An even bigger problem emerges from the Aerospace Corporation letter in that the booster selected (for manned projects) should have a ‘proven’ track record. Little bit of an issue there – as the booster, Falcon 9, Obama has clearly demonstrated favoritism toward – has flown once. More importantly, its first flight, nearly 2 years late, ended up not being the fault-free, stunning success that SpaceX originally represented it to be.

It is no wonder that in his recent letter to Scott Hubbard, House Science & Technology Chairman Bart Gordon stated that the Aerospace Corporation letter stood out as a reason for doubting the Administration’s assumptions for terminating the Constellation program.

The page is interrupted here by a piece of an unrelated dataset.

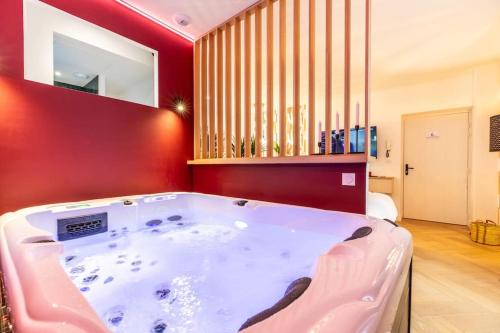 - un bain à remous dans une chambre dotée d'un mur rouge dans l'établissement Loveroom en centre ville avec jacuzzi - Notre dame, à Clermont-Ferrand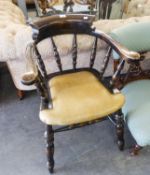 MODERN STAINED BEECH SMOKER?S BOW OR CAPTAIN?S CHAIR, with close studded cream faux leather seat,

Naturally enough, the Space Industry Report, which was handed to the President by the Task Force on Space Industry Workforce and Economic Development, lauded the President’s efforts as well as that of Democrats; interestingly, no mention of Republicans that had contributed to the compromise bills being cited was given. Moreover, a majority of work that the Task Force suggested for KSC’s soon-to-be-unemployed workers – the people who have launched astronauts since the beginning – had next to nothing to do with human spaceflight. IT jobs, Homeland Security work and efforts to build up ‘green’ infrastructure were listed as the places these workers should look for work (although aerospace was cited – almost as an afterthought). In an interesting (if unsurprising) side note – NASA Administrator Charles Bolden was a co-chair on this Task Force. This report contained recommendations for how the $40 million the President had allocated to aid the Space Coast region should be spent. This included industries that should be invested in and work that shuttle workers should be directed toward.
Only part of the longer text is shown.